* **Aim of the task**
Lines below starting with the line with "7.6in Flexible Women" and going on through the line with "GYMNASTISCHE DOELEN EN DREAMS VIERKANTE KLOK" must be output exactly; the rest of the records must be left out.

Top of Task material

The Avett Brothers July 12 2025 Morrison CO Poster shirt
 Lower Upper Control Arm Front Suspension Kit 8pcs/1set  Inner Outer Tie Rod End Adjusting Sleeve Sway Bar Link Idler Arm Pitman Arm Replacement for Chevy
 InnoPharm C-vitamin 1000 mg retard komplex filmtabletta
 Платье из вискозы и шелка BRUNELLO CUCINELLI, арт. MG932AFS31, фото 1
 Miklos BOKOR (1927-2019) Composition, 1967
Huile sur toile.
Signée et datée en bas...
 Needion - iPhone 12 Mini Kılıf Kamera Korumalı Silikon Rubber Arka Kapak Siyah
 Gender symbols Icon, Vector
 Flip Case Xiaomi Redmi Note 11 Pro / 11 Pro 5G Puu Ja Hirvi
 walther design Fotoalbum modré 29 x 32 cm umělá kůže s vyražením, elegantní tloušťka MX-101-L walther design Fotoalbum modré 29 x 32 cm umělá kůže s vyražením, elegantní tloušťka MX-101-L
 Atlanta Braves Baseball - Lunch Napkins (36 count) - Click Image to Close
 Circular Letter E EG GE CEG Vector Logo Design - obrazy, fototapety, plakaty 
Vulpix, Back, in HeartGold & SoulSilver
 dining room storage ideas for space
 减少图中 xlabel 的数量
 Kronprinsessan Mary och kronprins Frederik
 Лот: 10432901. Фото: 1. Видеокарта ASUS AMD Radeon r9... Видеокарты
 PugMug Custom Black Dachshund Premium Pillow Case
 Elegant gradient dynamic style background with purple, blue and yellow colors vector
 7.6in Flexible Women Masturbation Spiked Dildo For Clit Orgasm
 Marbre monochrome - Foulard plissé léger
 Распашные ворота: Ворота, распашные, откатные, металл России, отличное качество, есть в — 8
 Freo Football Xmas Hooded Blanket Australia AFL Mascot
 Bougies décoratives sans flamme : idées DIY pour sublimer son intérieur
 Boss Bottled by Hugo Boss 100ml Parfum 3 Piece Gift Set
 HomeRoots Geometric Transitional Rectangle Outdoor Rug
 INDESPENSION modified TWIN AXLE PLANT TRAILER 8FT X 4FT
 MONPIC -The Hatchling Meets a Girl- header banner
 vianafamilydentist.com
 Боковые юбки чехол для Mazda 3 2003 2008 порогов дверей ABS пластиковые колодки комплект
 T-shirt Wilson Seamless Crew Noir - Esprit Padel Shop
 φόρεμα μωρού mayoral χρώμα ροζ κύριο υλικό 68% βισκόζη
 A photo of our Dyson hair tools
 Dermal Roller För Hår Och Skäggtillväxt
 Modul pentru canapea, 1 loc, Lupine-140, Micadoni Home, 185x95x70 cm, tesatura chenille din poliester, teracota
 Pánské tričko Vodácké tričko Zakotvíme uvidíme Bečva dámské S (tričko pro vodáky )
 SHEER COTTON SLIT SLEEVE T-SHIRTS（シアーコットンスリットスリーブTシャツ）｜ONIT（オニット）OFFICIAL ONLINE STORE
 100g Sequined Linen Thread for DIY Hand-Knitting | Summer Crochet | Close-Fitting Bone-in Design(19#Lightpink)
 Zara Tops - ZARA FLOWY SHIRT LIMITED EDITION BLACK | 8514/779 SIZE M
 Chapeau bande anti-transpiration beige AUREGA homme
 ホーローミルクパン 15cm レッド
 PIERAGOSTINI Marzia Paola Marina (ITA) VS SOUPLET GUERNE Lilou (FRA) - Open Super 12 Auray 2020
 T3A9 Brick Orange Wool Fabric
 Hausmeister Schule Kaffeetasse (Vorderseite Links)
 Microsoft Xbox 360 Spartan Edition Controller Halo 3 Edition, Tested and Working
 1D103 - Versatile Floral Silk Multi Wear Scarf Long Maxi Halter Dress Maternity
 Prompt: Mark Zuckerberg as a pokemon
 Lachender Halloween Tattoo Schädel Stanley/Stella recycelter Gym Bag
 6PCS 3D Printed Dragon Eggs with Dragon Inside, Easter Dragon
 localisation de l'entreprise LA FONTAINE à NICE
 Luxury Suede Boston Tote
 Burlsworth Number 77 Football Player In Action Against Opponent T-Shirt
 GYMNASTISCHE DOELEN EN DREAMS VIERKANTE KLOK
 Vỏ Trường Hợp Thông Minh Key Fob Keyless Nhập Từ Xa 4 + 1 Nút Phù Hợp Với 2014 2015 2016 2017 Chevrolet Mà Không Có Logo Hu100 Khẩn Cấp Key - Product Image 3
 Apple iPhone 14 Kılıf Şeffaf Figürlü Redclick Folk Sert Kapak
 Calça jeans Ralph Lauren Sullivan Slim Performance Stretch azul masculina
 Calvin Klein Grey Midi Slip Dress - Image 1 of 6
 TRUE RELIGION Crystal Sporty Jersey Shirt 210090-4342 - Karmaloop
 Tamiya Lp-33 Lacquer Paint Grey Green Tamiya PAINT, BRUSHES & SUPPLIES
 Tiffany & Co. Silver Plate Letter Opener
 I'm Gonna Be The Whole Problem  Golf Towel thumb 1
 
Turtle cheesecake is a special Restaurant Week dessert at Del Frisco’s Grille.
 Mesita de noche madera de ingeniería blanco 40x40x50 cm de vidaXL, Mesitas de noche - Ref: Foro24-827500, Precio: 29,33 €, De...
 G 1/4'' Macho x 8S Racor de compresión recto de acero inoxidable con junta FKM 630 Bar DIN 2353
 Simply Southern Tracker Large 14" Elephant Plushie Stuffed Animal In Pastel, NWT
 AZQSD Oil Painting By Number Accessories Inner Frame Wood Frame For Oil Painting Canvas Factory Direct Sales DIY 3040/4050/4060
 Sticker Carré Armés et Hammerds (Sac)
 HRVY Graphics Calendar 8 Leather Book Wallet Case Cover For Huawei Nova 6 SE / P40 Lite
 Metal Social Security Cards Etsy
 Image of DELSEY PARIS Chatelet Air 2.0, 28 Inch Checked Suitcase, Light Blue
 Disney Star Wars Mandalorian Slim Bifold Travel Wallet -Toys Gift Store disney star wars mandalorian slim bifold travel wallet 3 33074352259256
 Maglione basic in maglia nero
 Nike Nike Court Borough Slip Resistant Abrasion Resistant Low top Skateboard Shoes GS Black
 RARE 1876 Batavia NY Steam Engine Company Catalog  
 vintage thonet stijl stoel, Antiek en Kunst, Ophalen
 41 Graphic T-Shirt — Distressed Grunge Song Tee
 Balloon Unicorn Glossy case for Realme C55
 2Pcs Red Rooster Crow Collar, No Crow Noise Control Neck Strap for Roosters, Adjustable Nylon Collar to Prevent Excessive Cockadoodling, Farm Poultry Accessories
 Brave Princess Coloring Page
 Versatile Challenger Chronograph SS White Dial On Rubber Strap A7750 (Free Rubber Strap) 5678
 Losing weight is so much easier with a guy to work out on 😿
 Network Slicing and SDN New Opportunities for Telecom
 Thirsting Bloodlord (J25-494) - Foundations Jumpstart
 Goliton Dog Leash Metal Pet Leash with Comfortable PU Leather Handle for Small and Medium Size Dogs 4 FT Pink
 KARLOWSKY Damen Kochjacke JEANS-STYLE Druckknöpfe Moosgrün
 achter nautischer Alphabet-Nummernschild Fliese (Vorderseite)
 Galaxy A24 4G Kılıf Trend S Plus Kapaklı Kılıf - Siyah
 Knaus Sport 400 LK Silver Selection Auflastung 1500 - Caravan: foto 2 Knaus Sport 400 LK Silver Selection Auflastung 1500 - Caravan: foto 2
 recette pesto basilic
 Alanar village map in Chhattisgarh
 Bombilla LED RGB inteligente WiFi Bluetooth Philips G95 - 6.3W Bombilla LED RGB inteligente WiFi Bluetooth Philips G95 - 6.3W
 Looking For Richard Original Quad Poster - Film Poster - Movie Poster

Bottom of Task material

* **Solution to this task**
 7.6in Flexible Women Masturbation Spiked Dildo For Clit Orgasm
 Marbre monochrome - Foulard plissé léger
 Распашные ворота: Ворота, распашные, откатные, металл России, отличное качество, есть в — 8
 Freo Football Xmas Hooded Blanket Australia AFL Mascot
 Bougies décoratives sans flamme : idées DIY pour sublimer son intérieur
 Boss Bottled by Hugo Boss 100ml Parfum 3 Piece Gift Set
 HomeRoots Geometric Transitional Rectangle Outdoor Rug
 INDESPENSION modified TWIN AXLE PLANT TRAILER 8FT X 4FT
 MONPIC -The Hatchling Meets a Girl- header banner
 vianafamilydentist.com
 Боковые юбки чехол для Mazda 3 2003 2008 порогов дверей ABS пластиковые колодки комплект
 T-shirt Wilson Seamless Crew Noir - Esprit Padel Shop
 φόρεμα μωρού mayoral χρώμα ροζ κύριο υλικό 68% βισκόζη
 A photo of our Dyson hair tools
 Dermal Roller För Hår Och Skäggtillväxt
 Modul pentru canapea, 1 loc, Lupine-140, Micadoni Home, 185x95x70 cm, tesatura chenille din poliester, teracota
 Pánské tričko Vodácké tričko Zakotvíme uvidíme Bečva dámské S (tričko pro vodáky )
 SHEER COTTON SLIT SLEEVE T-SHIRTS（シアーコットンスリットスリーブTシャツ）｜ONIT（オニット）OFFICIAL ONLINE STORE
 100g Sequined Linen Thread for DIY Hand-Knitting | Summer Crochet | Close-Fitting Bone-in Design(19#Lightpink)
 Zara Tops - ZARA FLOWY SHIRT LIMITED EDITION BLACK | 8514/779 SIZE M
 Chapeau bande anti-transpiration beige AUREGA homme
 ホーローミルクパン 15cm レッド
 PIERAGOSTINI Marzia Paola Marina (ITA) VS SOUPLET GUERNE Lilou (FRA) - Open Super 12 Auray 2020
 T3A9 Brick Orange Wool Fabric
 Hausmeister Schule Kaffeetasse (Vorderseite Links)
 Microsoft Xbox 360 Spartan Edition Controller Halo 3 Edition, Tested and Working
 1D103 - Versatile Floral Silk Multi Wear Scarf Long Maxi Halter Dress Maternity
 Prompt: Mark Zuckerberg as a pokemon
 Lachender Halloween Tattoo Schädel Stanley/Stella recycelter Gym Bag
 6PCS 3D Printed Dragon Eggs with Dragon Inside, Easter Dragon
 localisation de l'entreprise LA FONTAINE à NICE
 Luxury Suede Boston Tote
 Burlsworth Number 77 Football Player In Action Against Opponent T-Shirt
 GYMNASTISCHE DOELEN EN DREAMS VIERKANTE KLOK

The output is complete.